**EXERCISE REQUIREMENTS**
Please write out only the lines from the line with "Wie liep er nu weer over water?" to the line with "Used 2023 Toyota", inclusive, exactly as they stand below, without the pictures.

╭─ INPUT

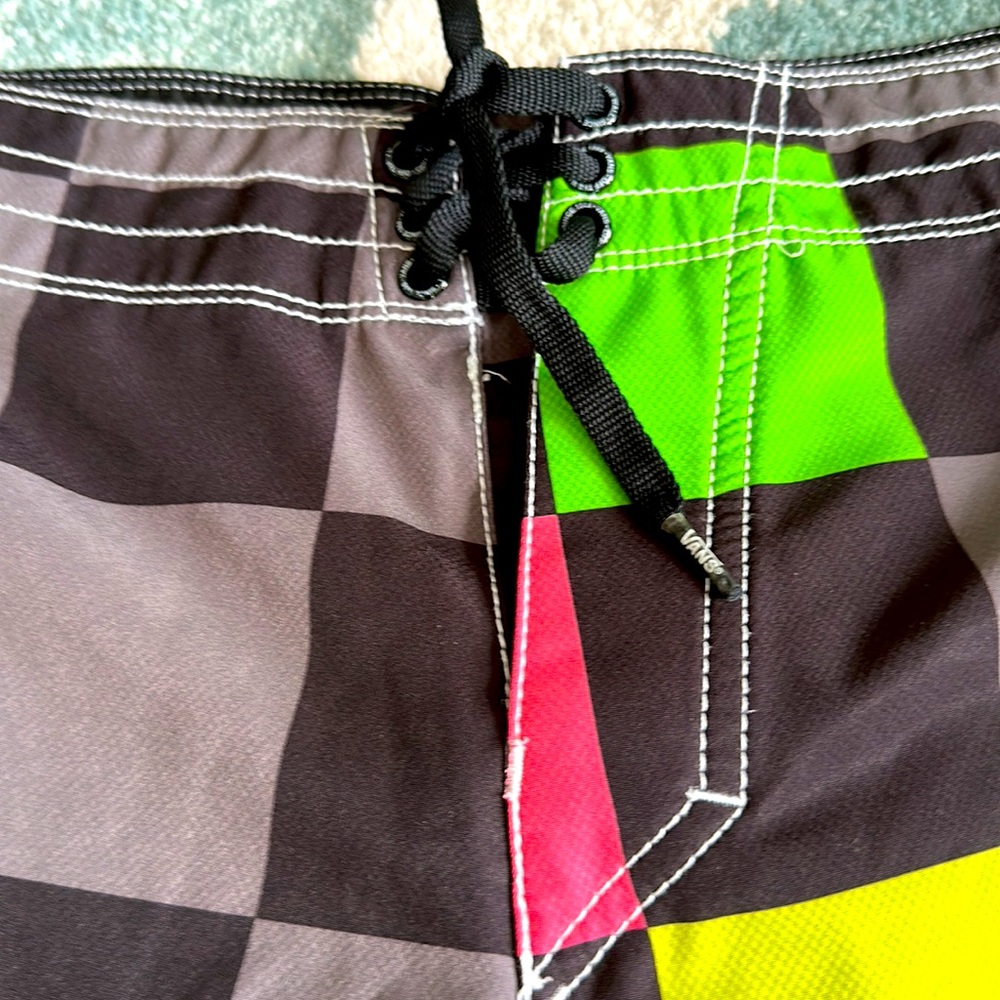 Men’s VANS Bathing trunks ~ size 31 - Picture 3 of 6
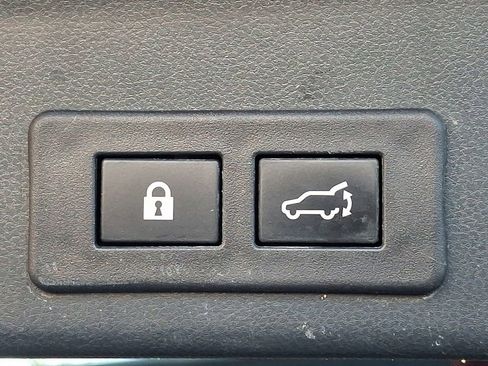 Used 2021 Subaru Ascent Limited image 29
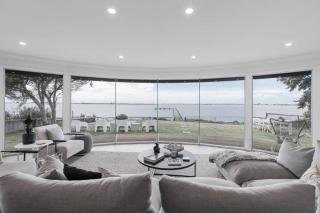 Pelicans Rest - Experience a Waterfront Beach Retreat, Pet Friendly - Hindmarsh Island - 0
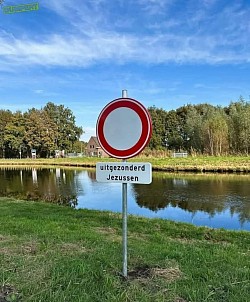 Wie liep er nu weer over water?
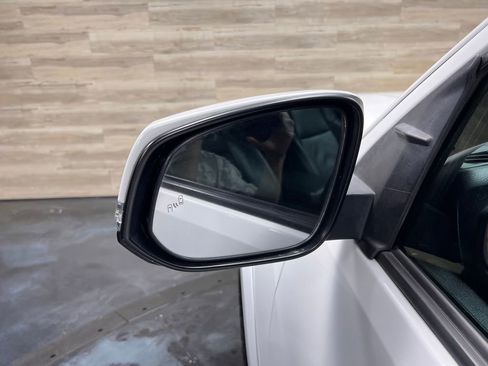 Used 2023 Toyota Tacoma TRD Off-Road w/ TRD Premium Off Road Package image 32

╰─
╭─ INPUT

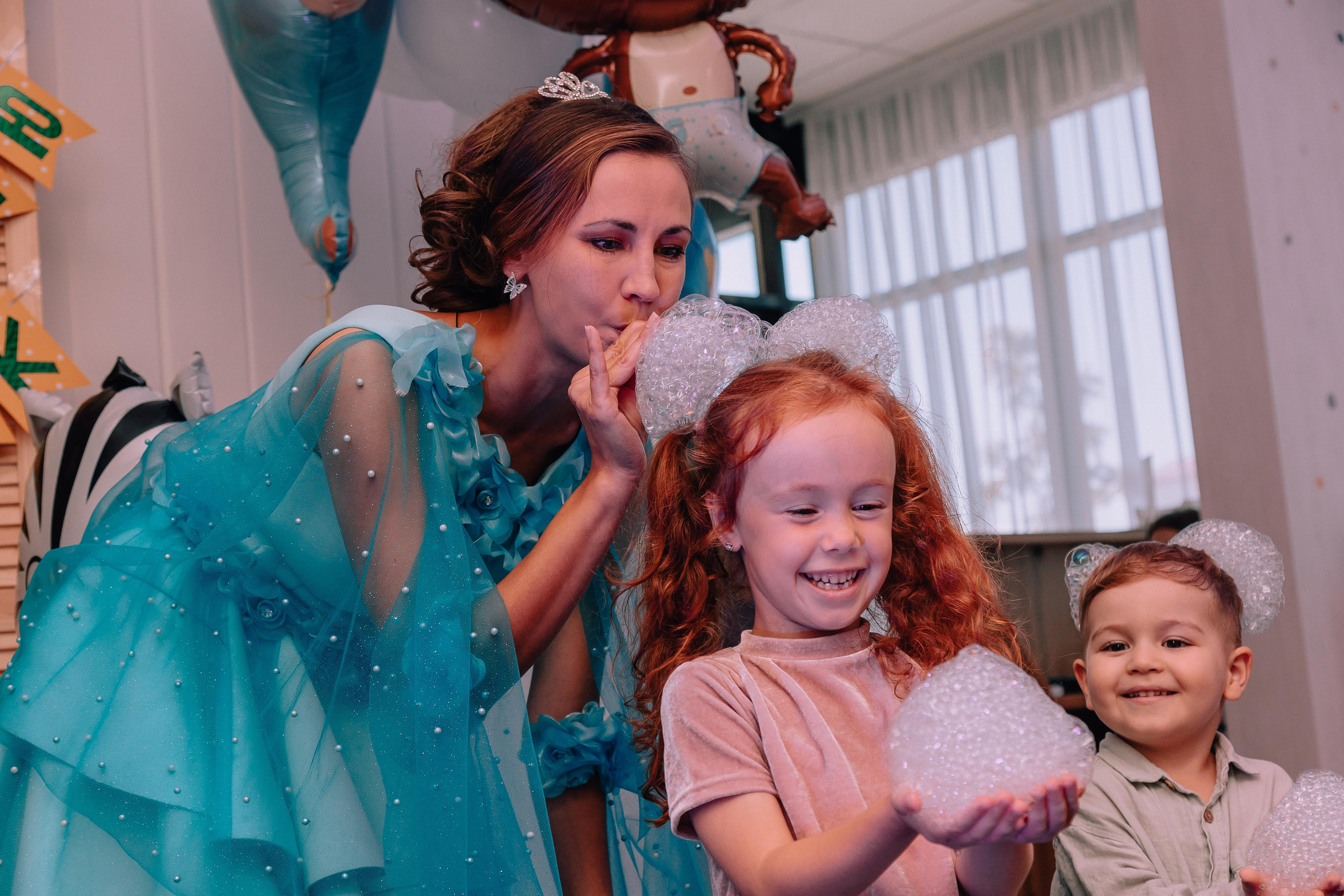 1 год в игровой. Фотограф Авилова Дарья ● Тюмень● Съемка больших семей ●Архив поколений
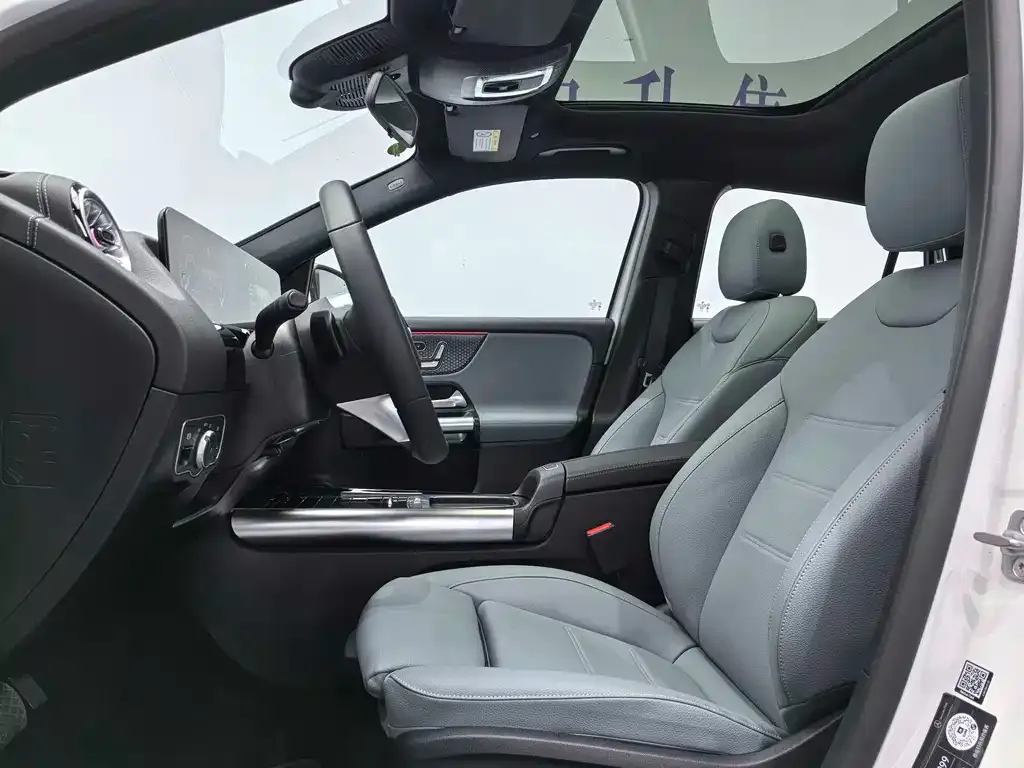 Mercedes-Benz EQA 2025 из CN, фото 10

╰─
╭─ INPUT

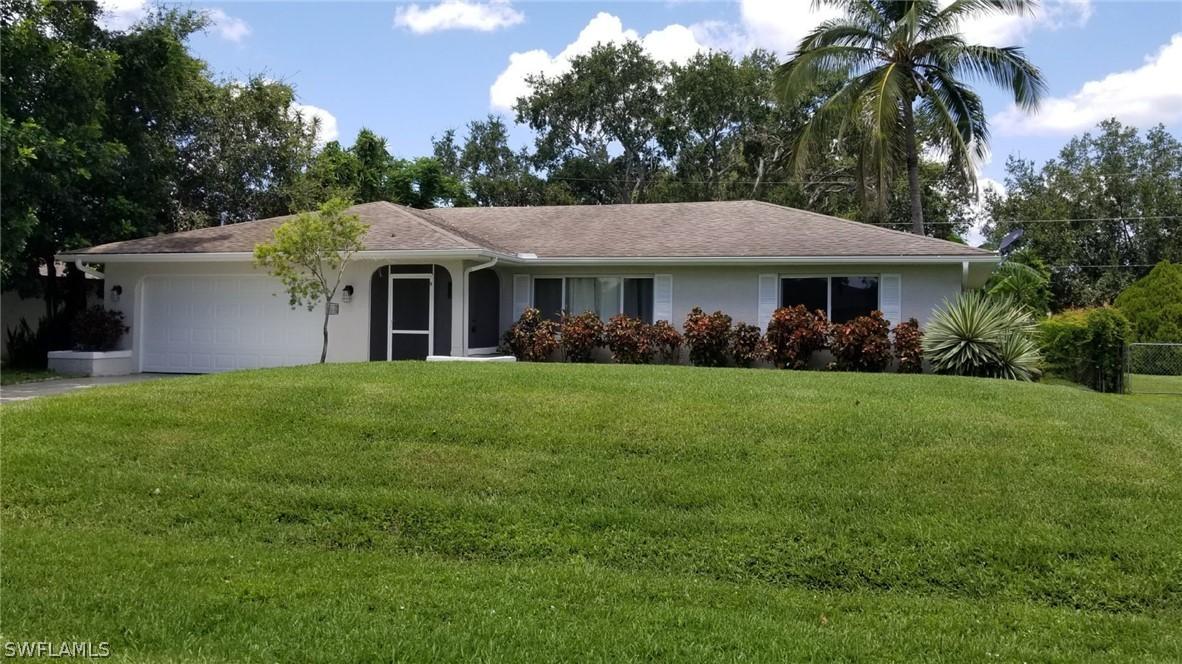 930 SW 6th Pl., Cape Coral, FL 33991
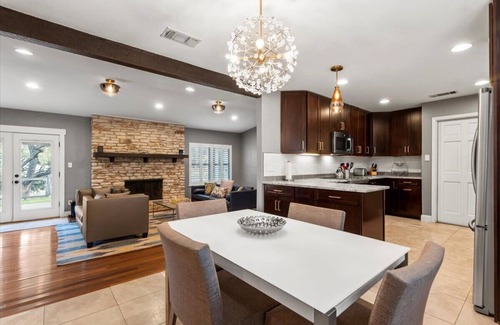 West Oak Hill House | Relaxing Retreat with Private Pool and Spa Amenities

╰─

**REPLY**
 Wie liep er nu weer over water?
 Used 2023 Toyota Tacoma TRD Off-Road w/ TRD Premium Off Road Package image 32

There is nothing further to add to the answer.